平孝酒造の「日高見」
石巻市の平孝酒造が生んだヒット商品「日高見」は、激しい価格競争で経営が圧迫されていた中小メーカーの生き残りをかけて、全国にアピールできる銘柄としておよそ20年前に誕生しました。銘柄名はその昔、東方にあるとされた豊な国「日高見国」の伝説にあやかって命名されたということです。その名も「日高見 純米」と「日高見 純米吟醸」です。
酒造りは「透明感のある、きれいな酒」にあるとして、原料(米)処理に最も重点をおきながらも、軽やかな口あたりと華やかな香りが印象的な酒に仕上げている。それが、女性や若者、そして幅広い世代に好まれている秘密でもあるようです。真面目な酒造りをめざしつつ、ユーモラスなアイデァを次々に形にしていく。

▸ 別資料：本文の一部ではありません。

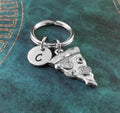 Pizza Keychain with Initial (Silver-Toned)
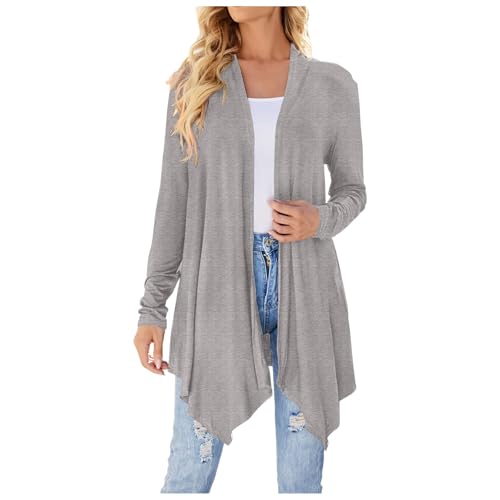 GFPGNDFHG Damen Cardigan Strandkleid Strickjacken Strickjacke Grau Weißes Oberteil Lang Blazer Chiffon Bolero Lässig, Locker, Halloween Kostüm von GFPGNDFHG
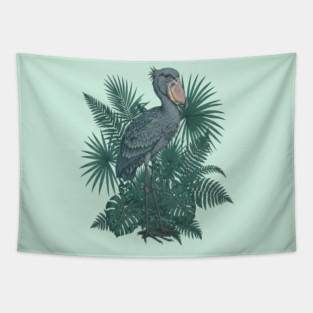Vintage Shoebill Stork Art for Bird Lovers Tapestry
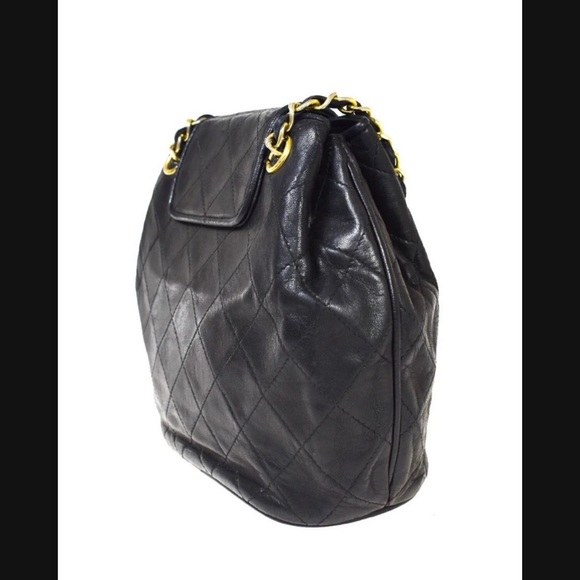 CHANEL CC MATELASSE Fringe Chain Shoulder Bag Leather Black Vintage - Picture 7 of 12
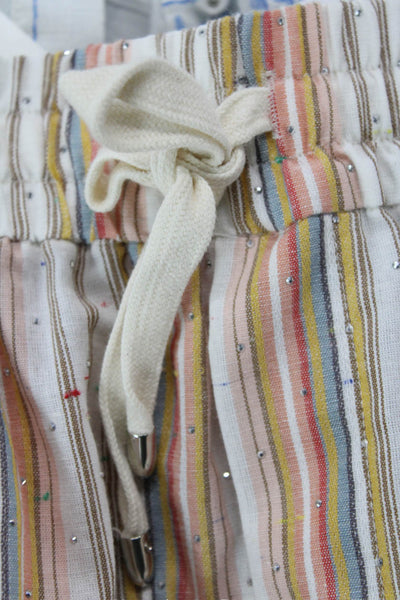 Le Superbe Womens Cotton Striped Drawstring Casual Shorts Multicolor Size XS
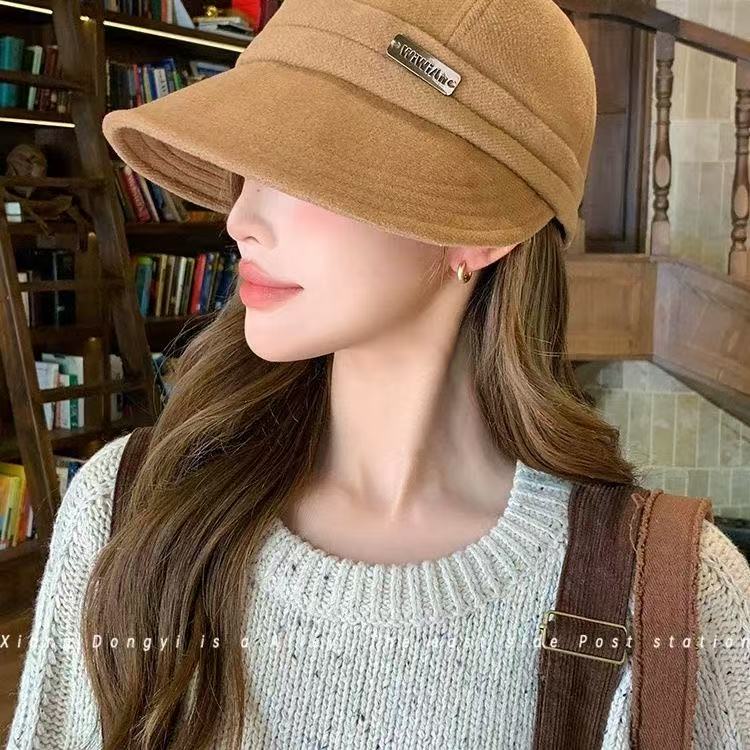 【毛呢】新款秋冬羊毛鸭舌帽防晒帽子渔夫帽百搭休闲大头围显脸小
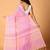 Pink handblock printed saree with blouse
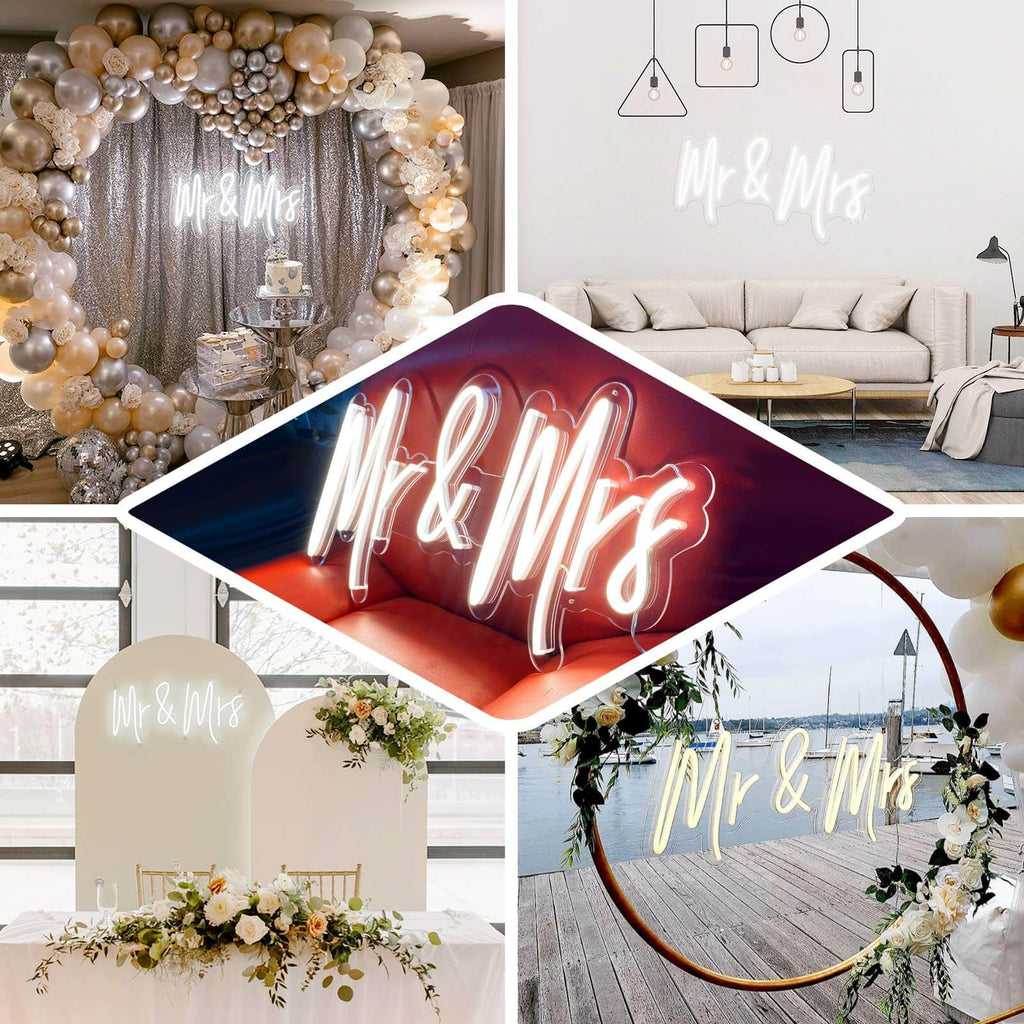 33" Mr and Mrs Neon Light Sign Warm White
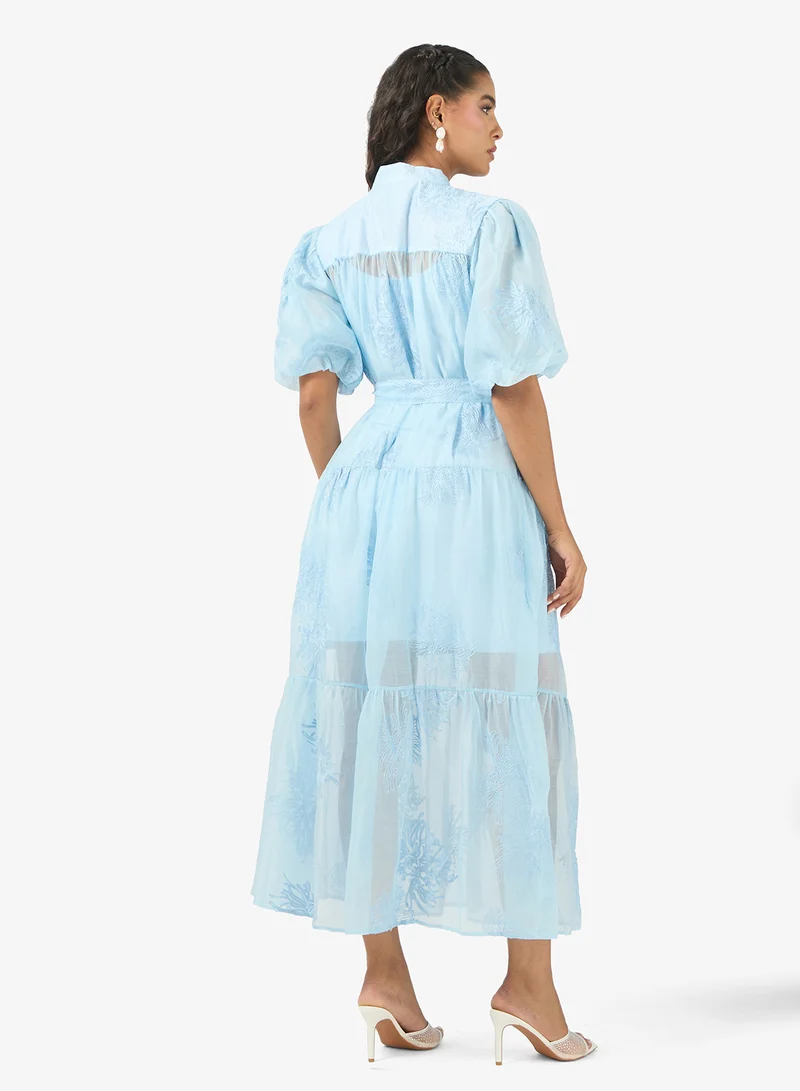 خزانة فستان قميص بأكمام منتفخة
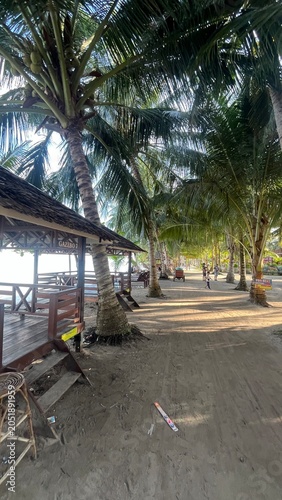 Sandy path beneath tall leaning coconut palm trees next to a wooden beach pavilion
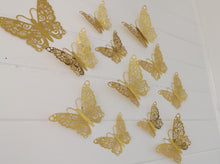 Load image into Gallery viewer, 12x Gold Hollow Metallic Effect 3D Butterfly Wall Decals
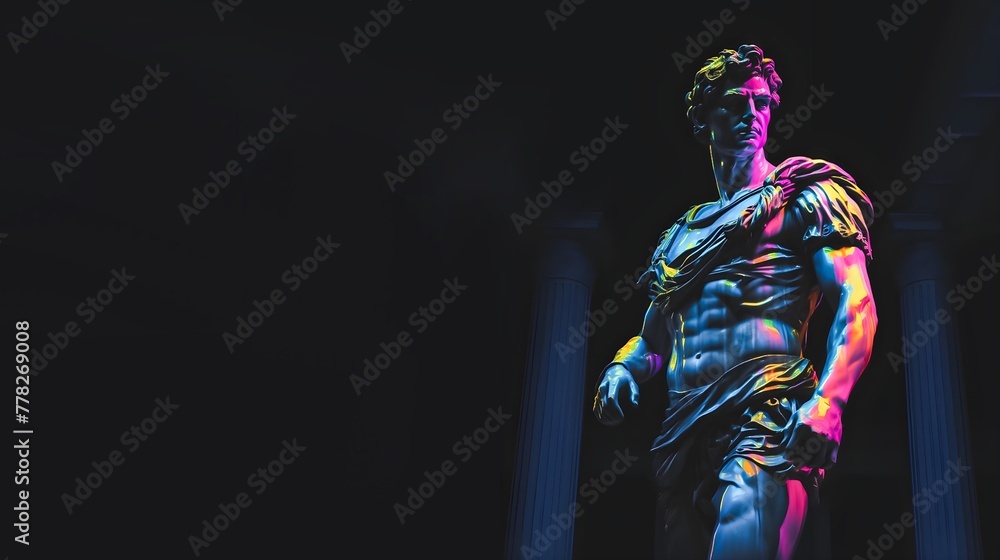 Modern Digital Renaissance Man dripping with neon paint  glow, Greek Roman Style Statue, Futurism Minimalist Concept Render	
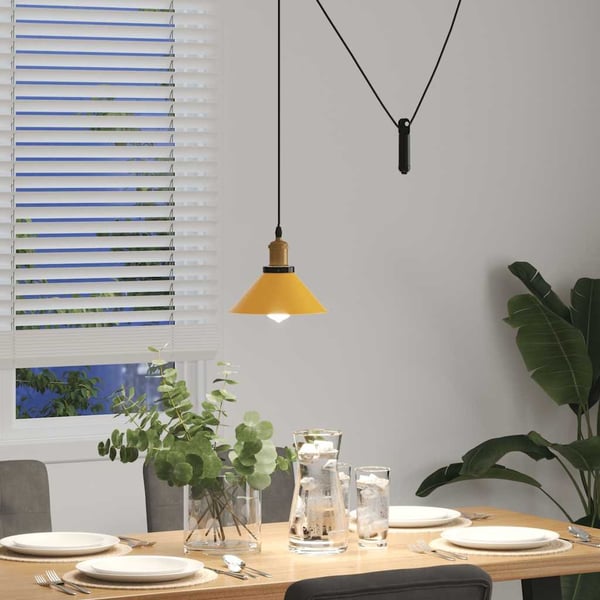 vidaXL Pendellampe høydejusterbar E27 glans gul Ø 22 cm metall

自分が蔵に戻った当時は、日本酒の価格破壊時代で、蔵では「新関」(普通酒)という銘柄を造っていたころで、よい酒を造ってみても売れなかった。地酒はその土地の個性がないと生きていけない。石巻は魚のおいしいまちです。だからこそ、魚でやるなら「日高見」だ!といってもらえる酒を造ろうと思った。当時をそう振り返るのは、2001年に平孝酒造5代目社長に就任した平井孝浩氏です。